The way of the swoop #
When you give something a view-transition-name like:
#ball1 {
view-transition-name: view-transition-ball;
}
The browser creates keyframes with a predictable naming pattern:
@keyframes -ua-view-transition-group-anim-view-transition-ball {
…
}
If you pause a view transition, you can see the keyframes and the keyframe name applied to the pseudo elements:
Anticipating that naming consistency, add a comma to the ::view-transition-group() element and include some keyframes of our own:
::view-transition-group(view-transition-ball) {
animation:
-ua-view-transition-group-anim-view-transition-ball 2s ease-in-out,
/* 👉*/ swoop 2s ease-in-out;
}
The special sauce, the THING THAT TOOK FOREVER TO FIND, is that you can only use individual transforms, NO transform shorthand:
@keyframes swoop {
50% {
/* ❌ */ transform: translateY(50px);
/* ✅ */ translate: 0 50px;
}
}
If you try to change the transform, things fail. And if you try to add animation-composition, things fail harder (don't know why).
BUT, using individual transforms, and just like that, you can blend a scale, translate, or whatever in combination with the browser native transition.
The trick also shows you how you can add a blur to a view transition.
The key to the unlock was individual transforms.
Below is a demo you can try that makes a simple wiggling view transition.
The green ball uses custom keyframes and animation composition, and the pink ball uses view transitions. They dont perfectly match either, which is interesting (exaggerated with a scale added). There's a perspective difference at play I don't fully understand.
You can stop reading here if you want, but I'm about to rant about how this was lame as crap to discover.
The limits #
While I'm glad there's a little bit of a way for it to work, there's plenty to still want.

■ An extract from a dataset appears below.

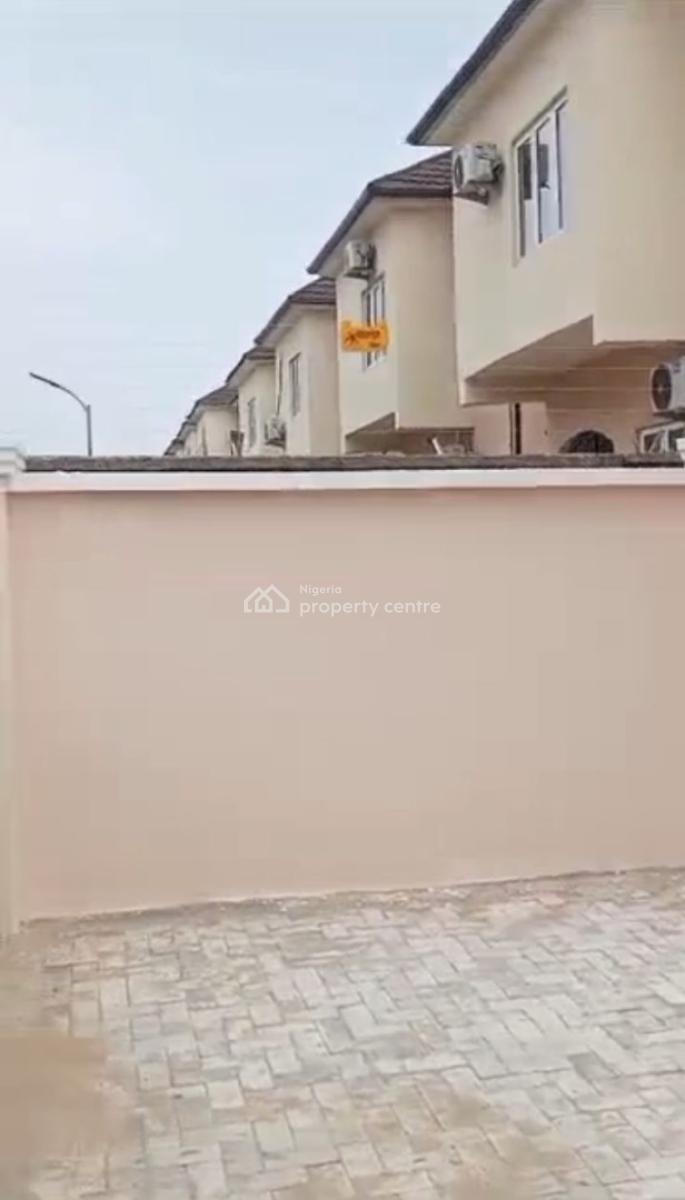 3bedroom Terrace Duplex with Bq in Karsana, Kaniz Estate, Karsana, Abuja, Terraced Duplex for Sale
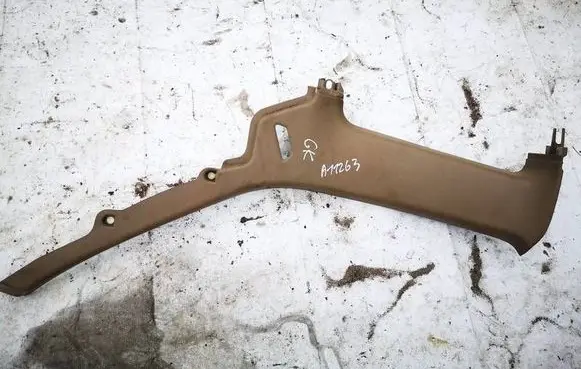 Volvo V70 (D) pillar trim (bottom) VOLVO1882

- No access to the dynamic values that the browser calculates for view transitions
- The solution is clunky and requires static
view-transition-names(nomatch-elementsupport), it breaks if the browsers name their keyframes something else or if I'm assigning names with JS - No support for
animation-composition: add - No way to control the easing of the x vs the y axis separately, or separate durations
I really just wanted to change the X easing to be ease-out and the Y easing to be ease-in. That would give a nice swoop. Or even add a slight delay the X and not the Y, another way to create a swoop.
None of these more normal and better ergonomic ways are available. Just this narrow case with individual transforms and trying to piggy back on a browser keyframe naming convention.
But hey, now we can add swoops to a native view transition and we learned a trick that can make motion blur view transitions. That's coo.